Antoinette is driving a car. She’s being chased around the Griffith Observatory in Los Angeles. This pursuit goes on far too long. It’s endless. Cars go around a roundabout, stop and back up, turn corners, and drive through tunnels. The drivers obey the speed limit, so it looks less like a car chase and more like people caravanning to a house party. This scene is actually the film version of driving behind my mother. She weaves in and out of her lane, makes right turns from the middle lane, and slams on the brakes if there’s a car 30 feet ahead of her, which there always is, because she lives in Los Angeles. What I’m trying to say is that this scene brings up a lot of shit with my mother.

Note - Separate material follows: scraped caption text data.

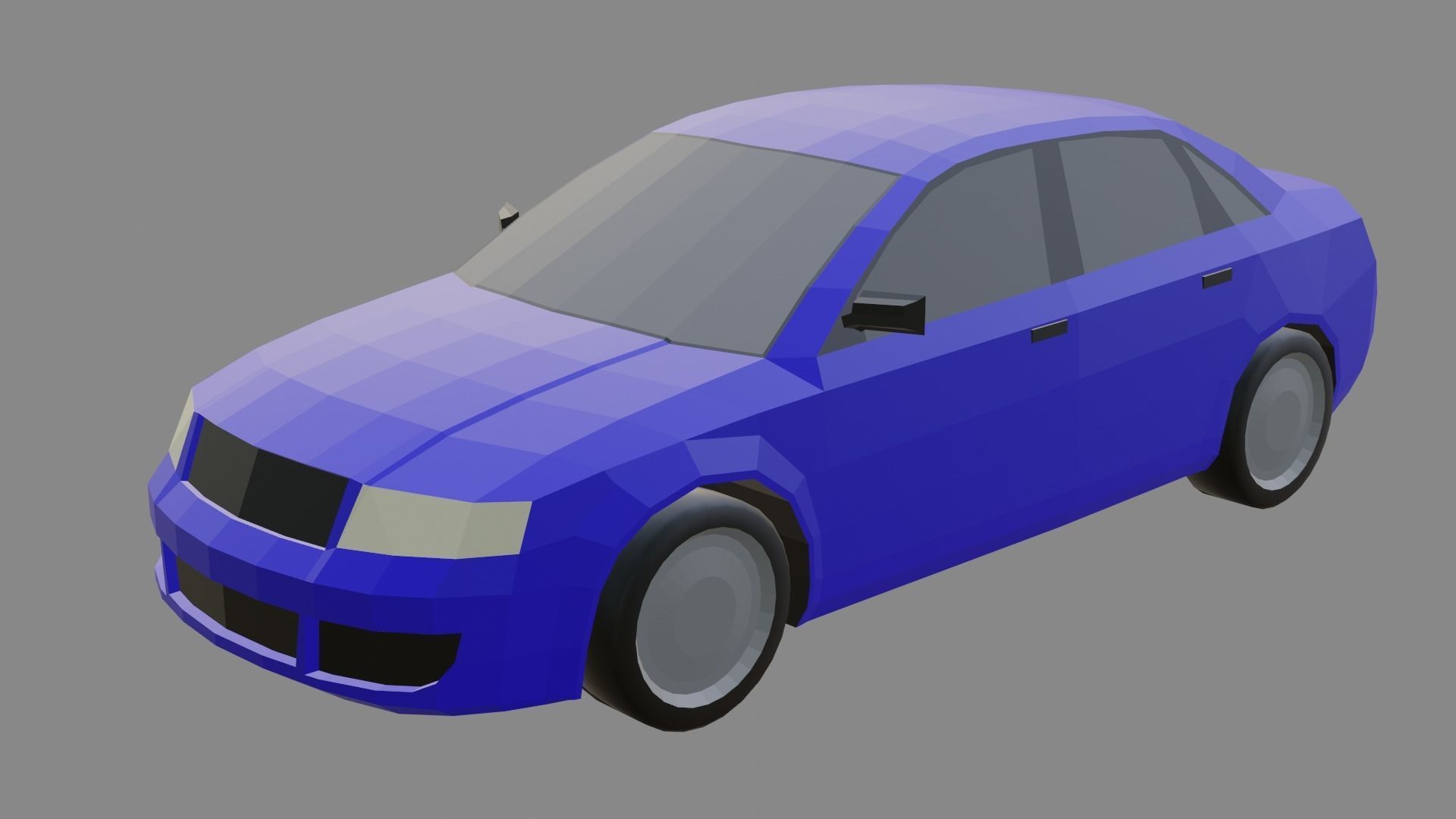 LowPoly Car Pack Low-poly 3D model_5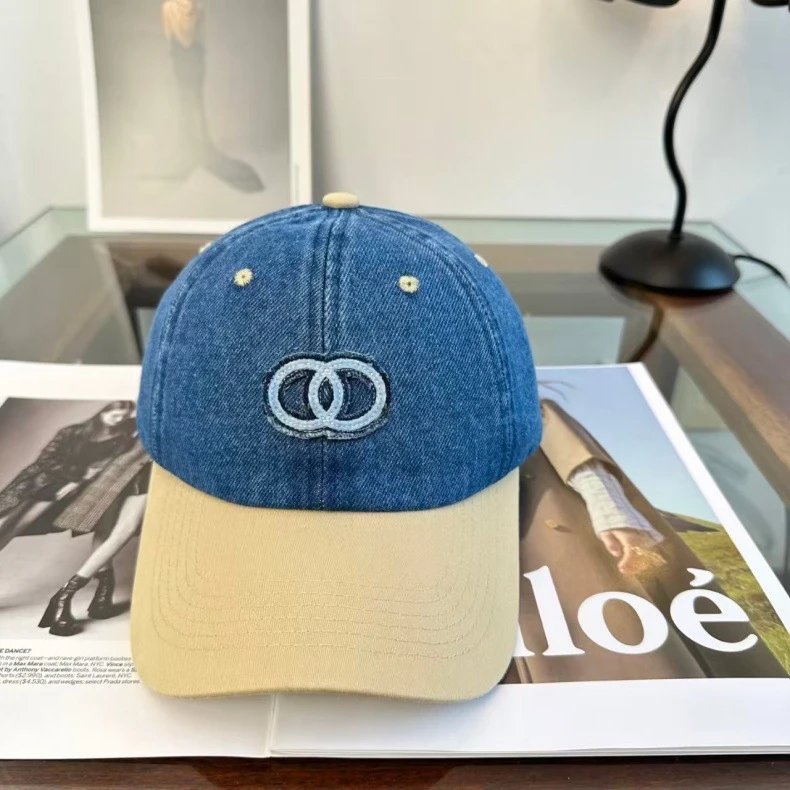 Chanel Denim Baseball Cap Black and Gray - 10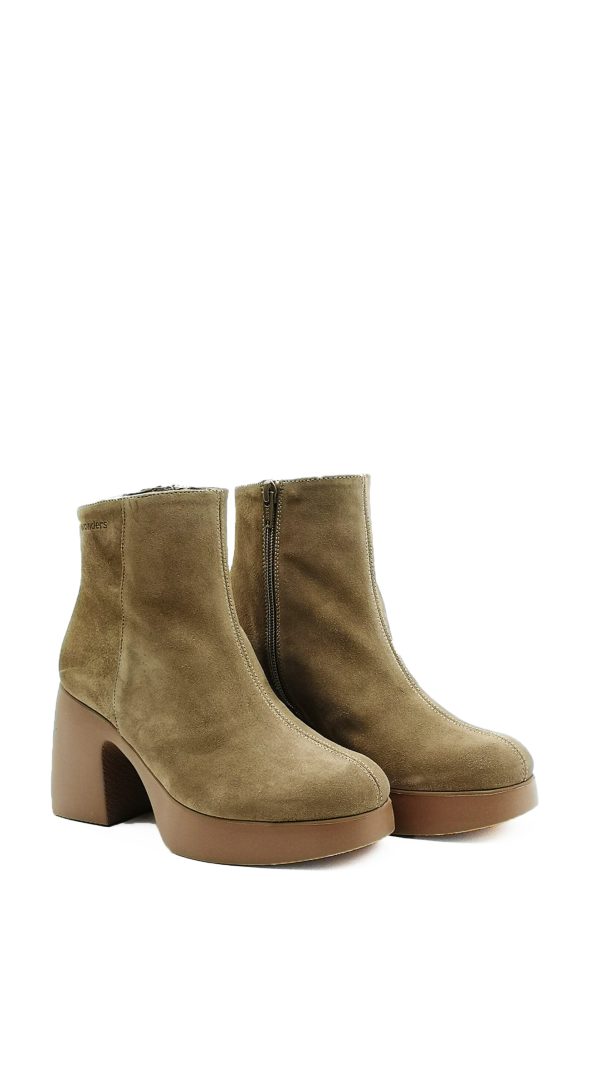 H-4902 TREND TORTORA STIVALETTI TACCO MEDIO DONNA - WONDERS - immagine 2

Men in dark suits and sunglasses drag Antoinette out of the car. They punch her in the tits and bring her to their lair, which has tall stacks of film canisters and a dirty mattress. There is rape, through the pants. One guy’s rape face looks like he got his junk stuck in a trap.
Meanwhile, a scrawny guy in a fedora sleeps at his desk, under a poster of Humphrey Bogart. There’s a voiceover in the style of a classic noir.

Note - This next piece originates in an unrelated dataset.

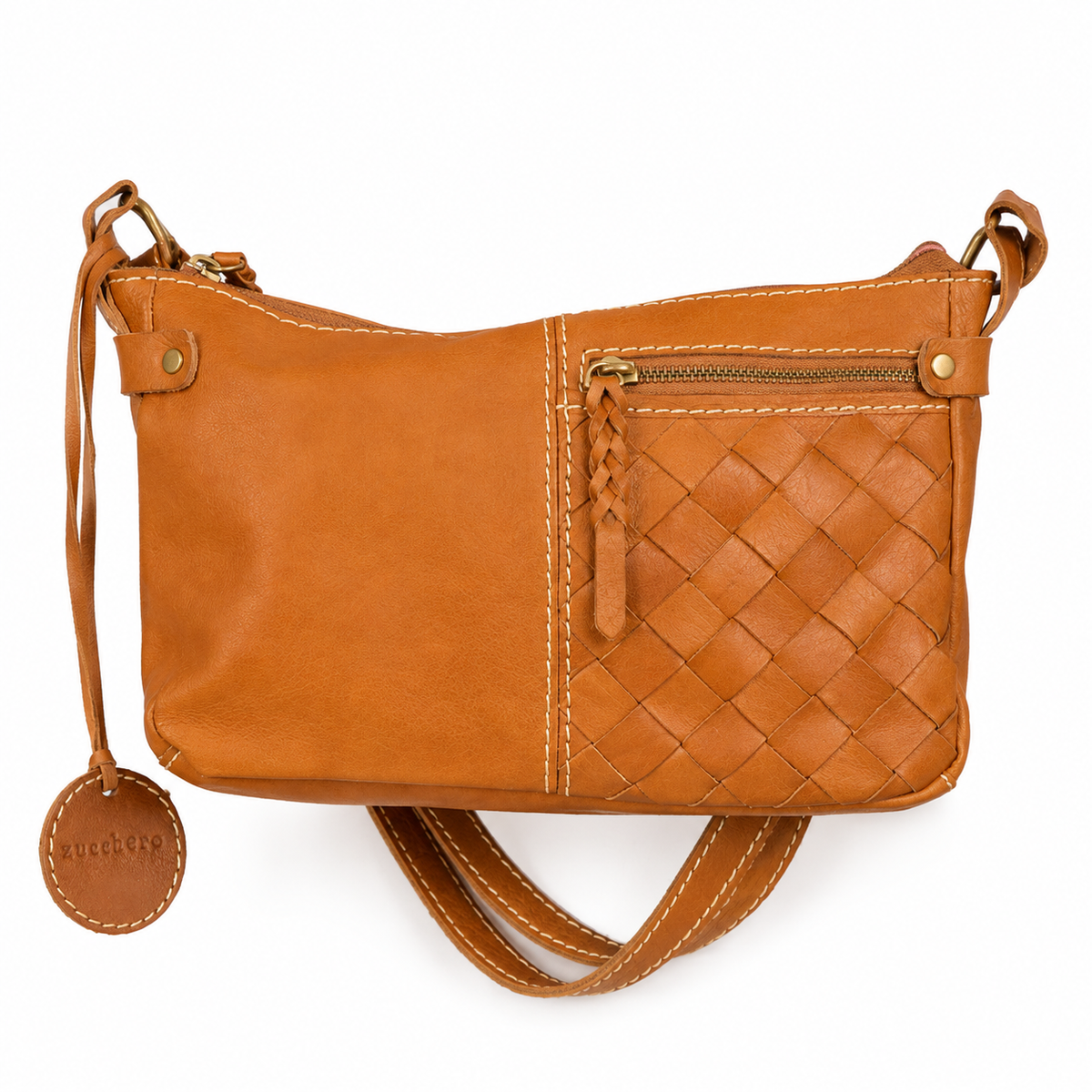 Terra Woven Leather Crossbody Bag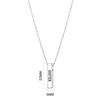 Philip Jones Silver Plated Sister Bar Necklace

“Me, Charlie Apple, private eye, one of the finest detectives on the West Coast. I hadn’t had a case in months, not even a six-pack. . . . Business was bad and getting worse.”

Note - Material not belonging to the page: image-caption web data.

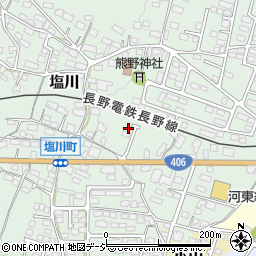 長野県須坂市塩川517周辺の地図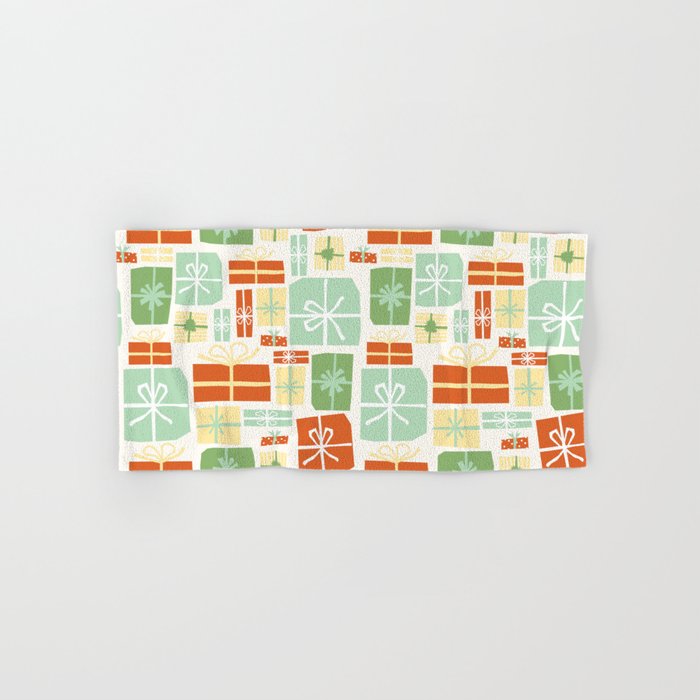 Holiday gifts in red and green Bath Towel Gallery Image 1
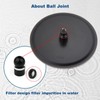 Midanya Round Rainfall Shower Head High Pressure Stainless Steel Waterfall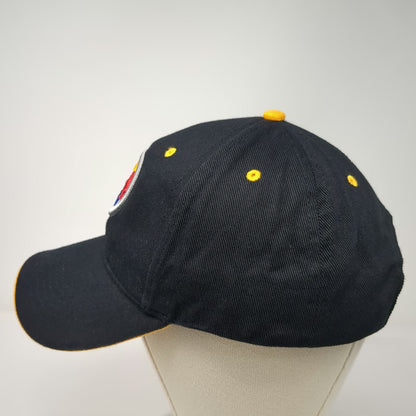 NFL Team Apparel Pittsburgh Steelers Black One Size Baseball Cap Hat Curved Brim
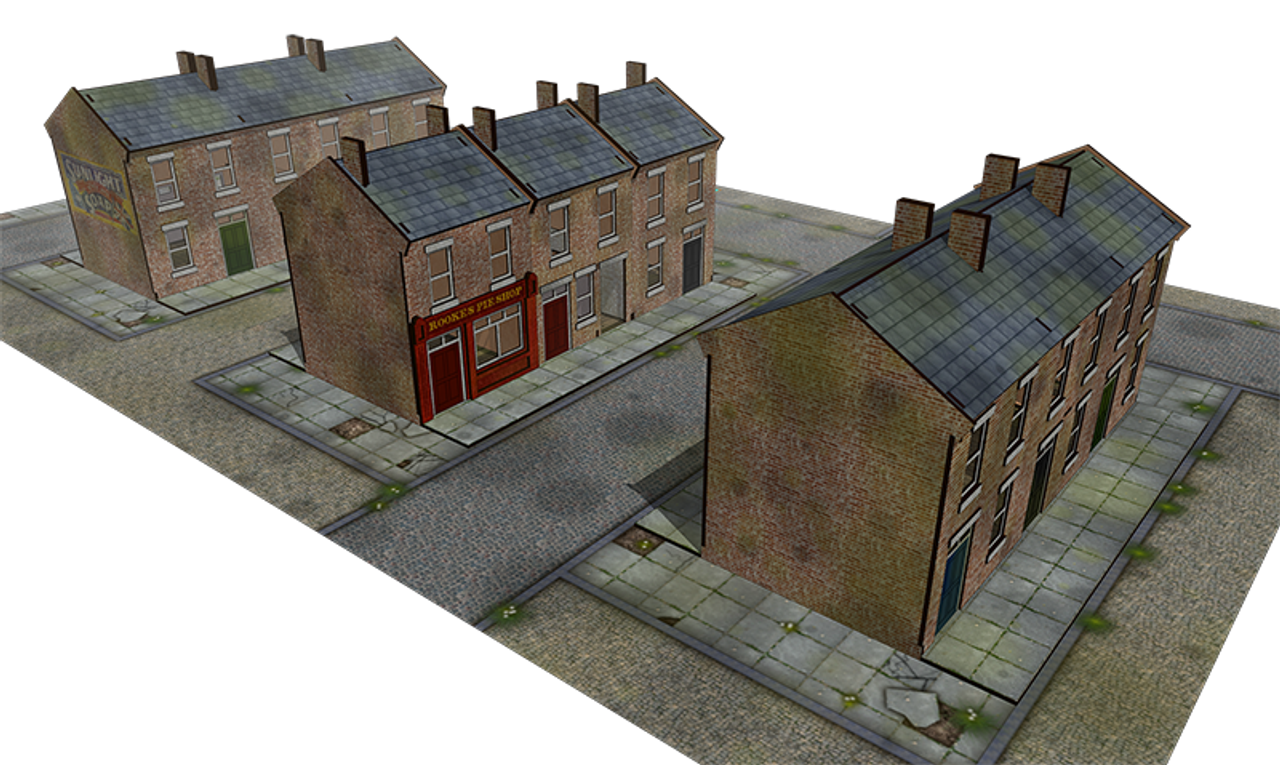 Hawthorne Street Set - TCW Building Hawthorne Street Set - TCW Building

Antoinette asks Charlie Apple for help, but when she talks, her voice is sped up. She sounds like Alvin, Simon, and/or Theodore, only incomprehensible. In lieu of actual dialogue, Charlie narrates. There’s something about heroin and the mob and how some goons burned her “beep boop” with a cigar. Soon he frisks her for a “concealed weapon.” I’m talking about sex here. No weapon is found, but the boobs are plentiful.
Charlie Apple tries to track down the mob. To do this, he must get laid. Antoinette sets up some kind of covert operation. To do this, she must get laid. A mob goon cuts the throat of a lady. This is done while she’s getting laid. There’s a lot of laying in this movie. There are also more car chases, a lot of sensual candles, and one lesbian experience.
If Buster Keaton made a madcap sexploitation noir about horny broads and cars that never run out of gas, this might be it. Charlie Apple’s voiceover is ripped straight out of an Ed Wood sleaze novel.
“Instead of resisting me, she turned into a pliable creature of undulating soft flesh, quivering beneath my touch.”
My guess is that Graver didn’t like the script and tried to salvage it with a voiceover. And we’re all better for it. Graver clearly had fun while making this film, and maybe he was a little drunk too. Blood Hunger makes little sense, but it doesn’t matter. It’s a solid piece of entertainment that delivers.
But what’s most incredible about Blood Hunger is the soundtrack. The sound effects used in the sex scenes include creaking doors, whirring wind, bugle calls, extremely loud crickets, ragtime piano, grinding metal gears, and the dreaded jazz flute. Pretty much every random sound effect is used in this movie. So while Blood Hunger is fun to watch, it’s even more fun to listen to.
At some point a hunchback janitor comes in while Antoinette sleeps naked on a couch. He sneezes into her dress and rubs her butt. She wakes up. She’s into his hunchback. Very, very into his hunchback.
The scene is accompanied by the theme song to The Lone Ranger.